# revisiting polyshades for specific reasons.



## dobro23 (May 25, 2013)

The situation is that my project is made of cheap 1/8" not real wood paneling bought from Lowes. I think it's called cinnamon beech. I decided to use it because the project involves several bends and i needed it for its light weight and flexibility. my original though was Masonite but the paneling provided some fake grain and much more flexibility. now here's the dilemma. I need to make the paneling darker. the ONLY thing that i have found that darkens it AT ALL is Polyshades. i bought a quart and haven't applied it yet. i did put some on a 8" square of scrap of the same material and was very happy overall. seemed smooth and shiny and wondering if that's because it's going over an already applied factory finish of some sort. since such a small piece i applied it with a small cheap synthetic brush cause that's what i didn't mind ruining. the actual project is 2 4'x8' sheets of the stuff. vertical surfaces and all edges trimmed with cheap ugly pine boards that are also bent. its the grain gets hidden its not a but deal but i would still LIKE do have a decently even colored finish. I found that if i lightly sad the paneling i can actually scratch through the "photo grain" layer. and i am afraid that the cheap pine is so cheap that it would look miserable ( which isn't bad really in this case) if i used regular stain. I was hoping that Polyshades might be the answer to both problems here. 1 being getting something to color the prefinished NOT wood paneling and 2 being trying to get the pine and paneling colors to be similar and even. I have a moderate amount of finishing skill and usually get acceptable results brushing or wiping on finishes. I own a cheap HVLP sprayer but have NEVER used it. seems to me that this might be a good chance to try it out. the Polyshades *seems* too thick but i don't know if that's true. how would i thin the Polyshades and how do i know when it's thin enough? looking for any tips and tricks that anyone has in the next day or two. I'm probably going to apply the stain tomorrow or Monday. thanks all in advance! wish me luck!


----------



## wormil (Nov 19, 2011)

It's oil based, you can thin with mineral spirits.


----------



## pmayer (Jan 3, 2010)

In my limited experience with Polyshades I have found it to be a miserable product to brush (blotching an sagging on vertical surfaces) but performs much better when sprayed. I bought a cheap HVLP gun specifically to try to improve the quality of finish with PS and I was able to achieve decent results. I thinned it about 10% using mineral spirits.


----------



## CharlieM1958 (Nov 7, 2006)

You're probably sailing in uncharted waters here. I'm surprised the polyshades even adheres to the faux paneling. I agree with Paul, though, that spraying is probably your best bet. I would try a mixture of around 20% mineral spirits.


----------



## knotscott (Feb 27, 2009)

Polyshades can work, but it's tough to get a great finish with. I'd thin to slow the setup time, and try very hard not to rebrush.


----------



## a1Jim (Aug 9, 2008)

If I were going to set up a challenge for some one to prove they are a great finisher I would have them try and get a good finish with the products and material your using to make as tough as possible. IMO polyshades is a poor product then your trying to apply it to a panel with a photo grain plus troublesome pine . First I would take out your spray unit and practice using it by just using water on car board or what ever you have. If you can use something other than your Photo grain panel I would think about that,if not I would try spraying some dewaxed shellac on the panel and the pine (do a test on your scrap piece) then buy some General finishes dye/finish and spray it on your project.


----------



## redSLED (Mar 21, 2013)

Good luck with your results! Look forward to knowing how it turned out.
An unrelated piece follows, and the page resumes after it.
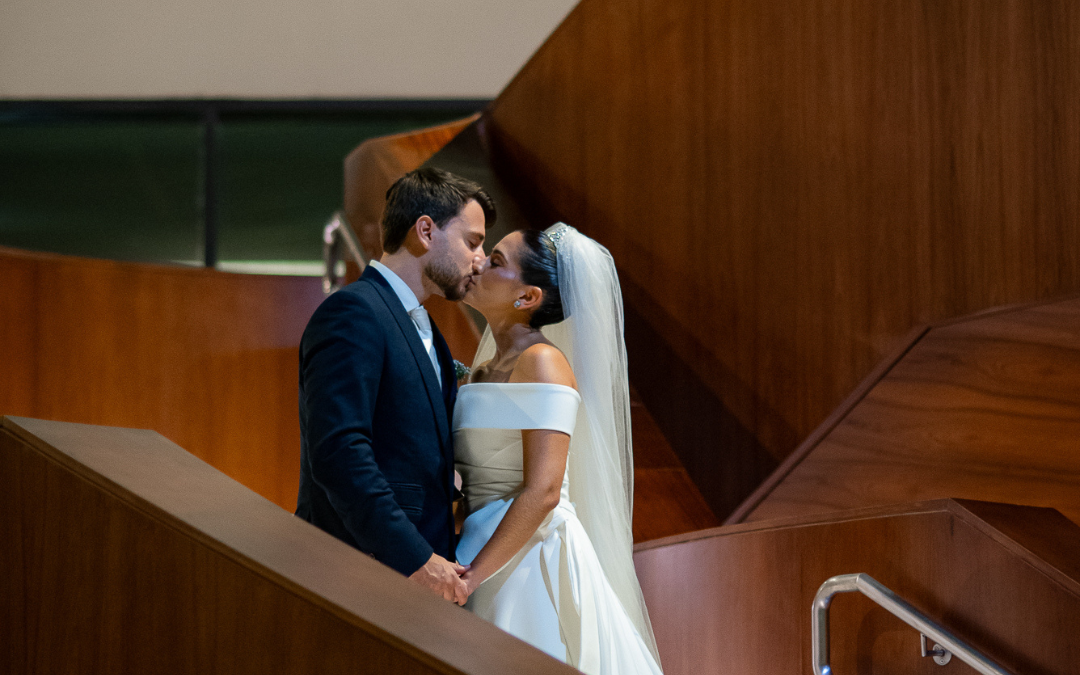 Casamento no Grand Hyatt: O grande dia de Giovanna e Yuri | Foto: Lenine Serejo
With jobs like that, if you expect a final 80-90% 'perfection level', it can turn out fine. Explaining this beforehand to clients is an art form in itself but very necessary to keep moving forward on a project.

Tips and tricks: For final matching you could also apply coloured wax to the affected areas.


----------



## dobro23 (May 25, 2013)

so, it actaully didn't turn out too bad. like redsled said, 80-90%. i would say actually 95% in this case. there is a small run and a a few dark streaks but for such a miserable product, i'm pretty happy with the results. i sprayed on 3 coats in about 8 hours. had the piece out in the yard and used a cheap $40 HVLP turbine set up from Harbor Freight. I'll tell you what, harbor freight sells mostly junk but that thing is worth all of $40 bucks! prolly worth 4 times that! I'll post pics in about a week or so when the project is totally finished. thanks to everyone who chimed in on this and gave me a little direction. One question i have: I thinned the polyshades with mineral spirits by about 10%. Not sure why. would the gun not spray the thicker factory formula or is there another reason? just wondering…


----------